Which is the point. If they are in the target set, you have to enumerate
them. If the target set is of exponential size with respect to n,
then you'll need exponential time to do that.
> The point here is whether
> you can generate S^n - W in Theta( n * |S^n - W| ), which may be
> dramatically different from Theta( n * |S^n| ).
Exactly. Hence, you use a construction that guarantees that the time
needed is proportional to n*|S^n - W|: Every step you do will be
enecessary to produce at least one word in the output set. Now, if
|S^n - W| is still exponential, then you'll still need exponential
time. But nevertheless, that's the best you can hope for.
>> The automaton is:
>>
>> S: a -> A, b -> B
>> A: a -> A
>> B: b -> B
> The target set is specified as S^n - W, where W is everything matching
> (.*a.*b|.*b.*a). Following the construction procedure in point, this
> exclusion set is matched exactly by my DFA with S initial and F final.
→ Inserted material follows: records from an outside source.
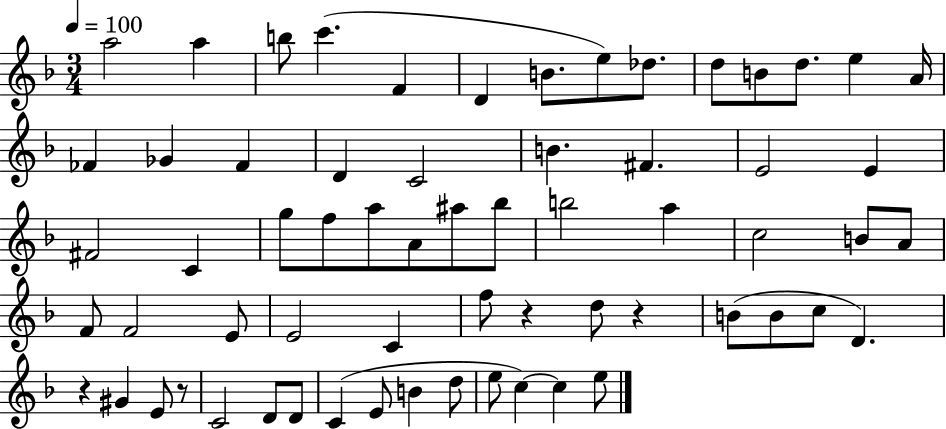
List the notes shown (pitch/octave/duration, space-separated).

A5/h A5/q B5/e C6/q. F4/q D4/q B4/e. E5/e Db5/e. D5/e B4/e D5/e. E5/q A4/s FES4/q Gb4/q FES4/q D4/q C4/h B4/q. F#4/q. E4/h E4/q F#4/h C4/q G5/e F5/e A5/e A4/e A#5/e Bb5/e B5/h A5/q C5/h B4/e A4/e F4/e F4/h E4/e E4/h C4/q F5/e R/q D5/e R/q B4/e B4/e C5/e D4/q. R/q G#4/q E4/e R/e C4/h D4/e D4/e C4/q E4/e B4/q D5/e E5/e C5/q C5/q E5/e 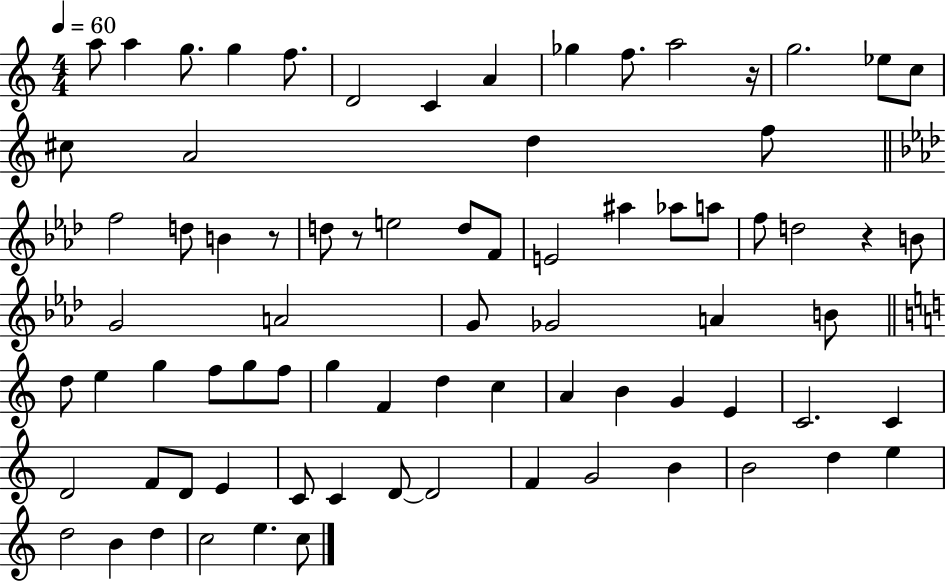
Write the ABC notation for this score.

X:1
T:Untitled
M:4/4
L:1/4
K:C
a/2 a g/2 g f/2 D2 C A _g f/2 a2 z/4 g2 _e/2 c/2 ^c/2 A2 d f/2 f2 d/2 B z/2 d/2 z/2 e2 d/2 F/2 E2 ^a _a/2 a/2 f/2 d2 z B/2 G2 A2 G/2 _G2 A B/2 d/2 e g f/2 g/2 f/2 g F d c A B G E C2 C D2 F/2 D/2 E C/2 C D/2 D2 F G2 B B2 d e d2 B d c2 e c/2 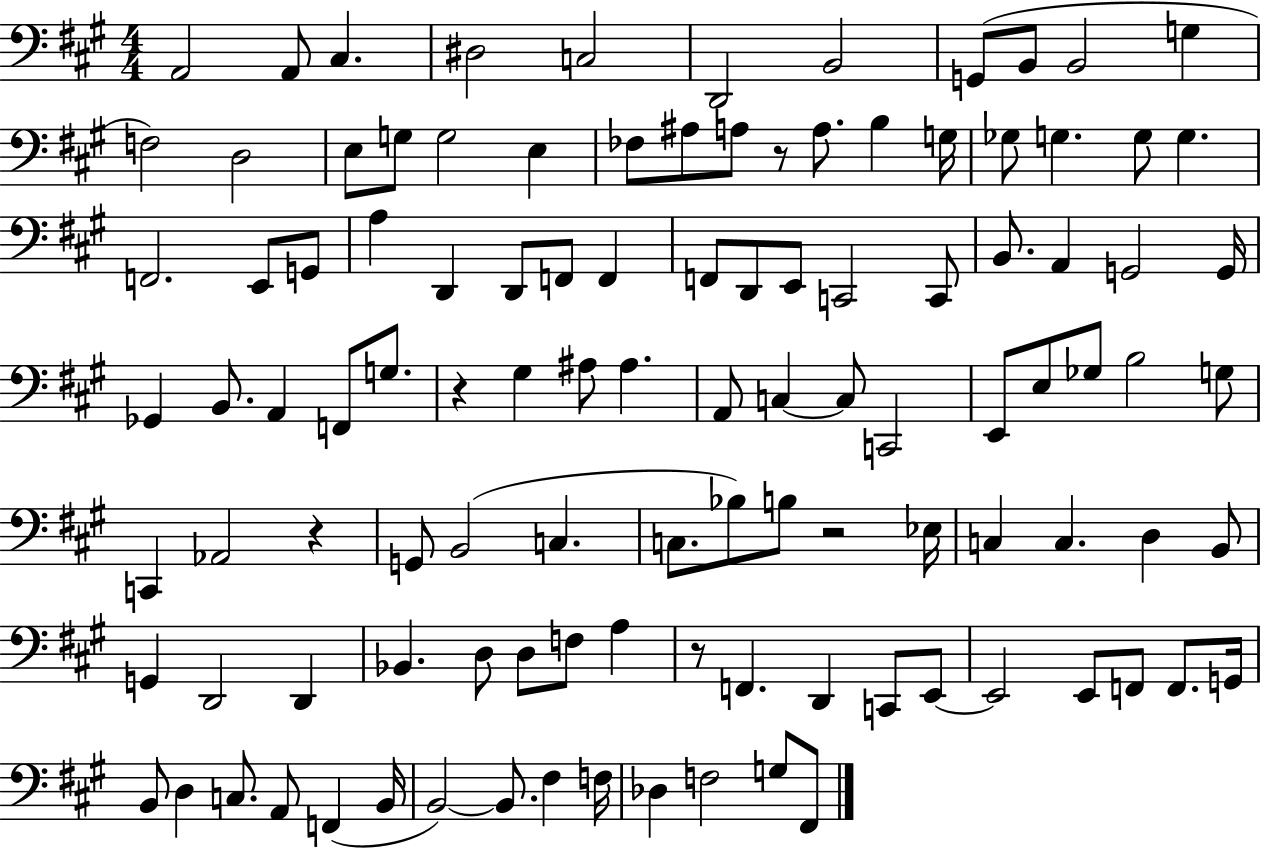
X:1
T:Untitled
M:4/4
L:1/4
K:A
A,,2 A,,/2 ^C, ^D,2 C,2 D,,2 B,,2 G,,/2 B,,/2 B,,2 G, F,2 D,2 E,/2 G,/2 G,2 E, _F,/2 ^A,/2 A,/2 z/2 A,/2 B, G,/4 _G,/2 G, G,/2 G, F,,2 E,,/2 G,,/2 A, D,, D,,/2 F,,/2 F,, F,,/2 D,,/2 E,,/2 C,,2 C,,/2 B,,/2 A,, G,,2 G,,/4 _G,, B,,/2 A,, F,,/2 G,/2 z ^G, ^A,/2 ^A, A,,/2 C, C,/2 C,,2 E,,/2 E,/2 _G,/2 B,2 G,/2 C,, _A,,2 z G,,/2 B,,2 C, C,/2 _B,/2 B,/2 z2 _E,/4 C, C, D, B,,/2 G,, D,,2 D,, _B,, D,/2 D,/2 F,/2 A, z/2 F,, D,, C,,/2 E,,/2 E,,2 E,,/2 F,,/2 F,,/2 G,,/4 B,,/2 D, C,/2 A,,/2 F,, B,,/4 B,,2 B,,/2 ^F, F,/4 _D, F,2 G,/2 ^F,,/2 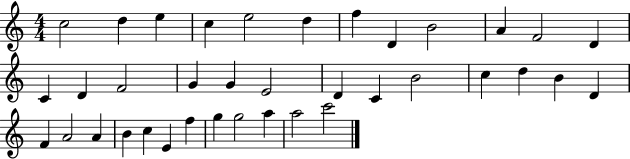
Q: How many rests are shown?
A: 0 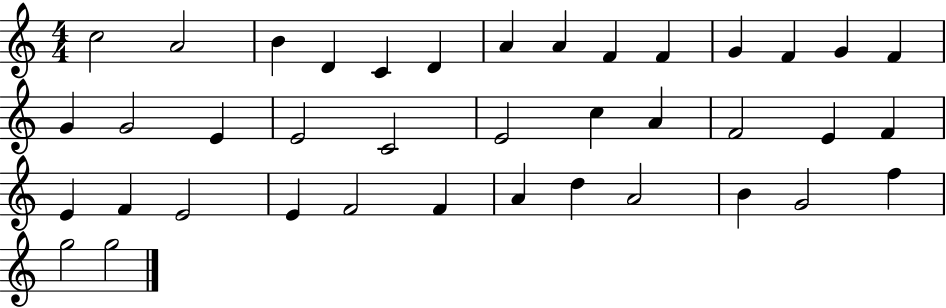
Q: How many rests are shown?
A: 0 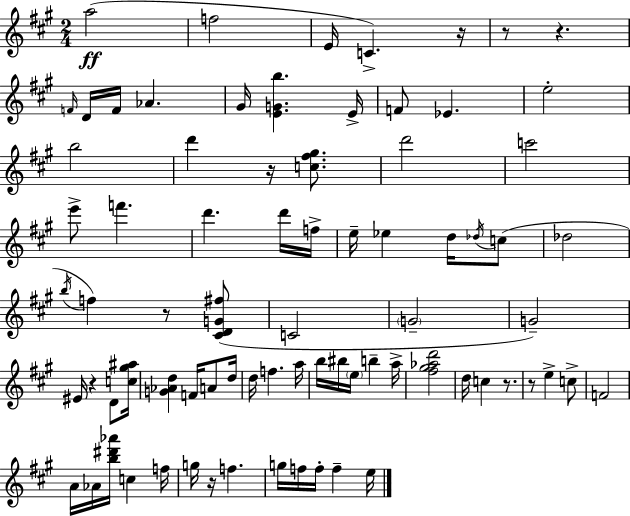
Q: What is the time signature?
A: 2/4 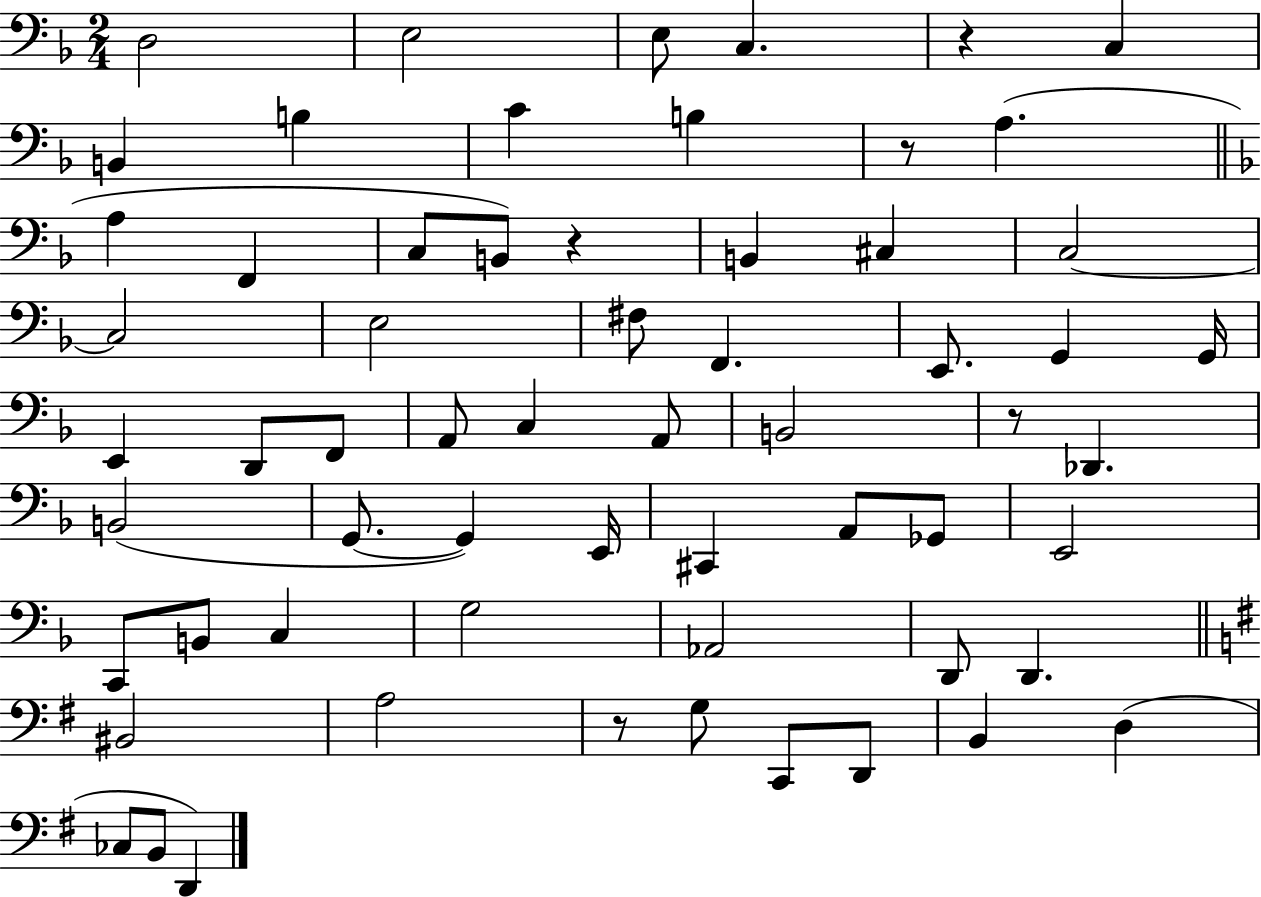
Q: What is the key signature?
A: F major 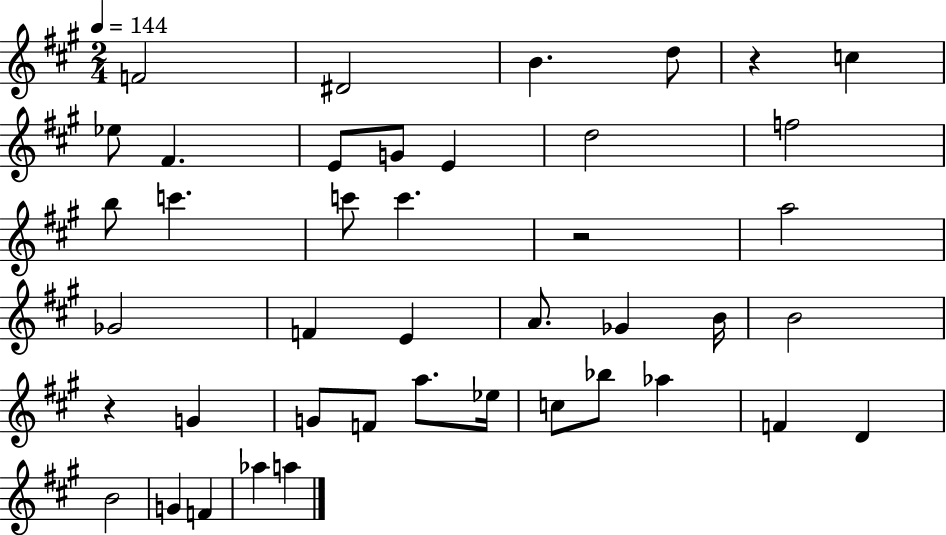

> Then, swapping final and non-final states makes {S, A, B} final, and F
> non-final. Your DFA above may be equivalent, but to me it is far from
> clear exactly what algorithm would build it from the given data.
Well, it's just the result from the minimazation algorithm, where my
variant of the algorithm just prunes away the "stuck" state which can
never produce any output.
>> The point is not to "cut efficiently", the point is to enumerate
>> only those words that are actually in the result set.
> No, this is not the point. Naive filtering already does that.
No, it doesn't. Naive filtering always will look at the complete
input set, so, no matter what size |S^n - W| actually is, it will
always take time in proportion to |S^n|.
> By "cutting efficiently" I mean skipping over search sub-trees that
> don't contain any results from the target set.
Yes. Consider a different example: With the wildcard expressions
W = { b*, aa*, ab* }, you'll get S^* - W = { a }. The resulting
minimum FSM will just accept 'a' (start state, one final state, and
the "stuck" state if you insist on it), so you skip over every
other subtree when enumerating results from that automaton.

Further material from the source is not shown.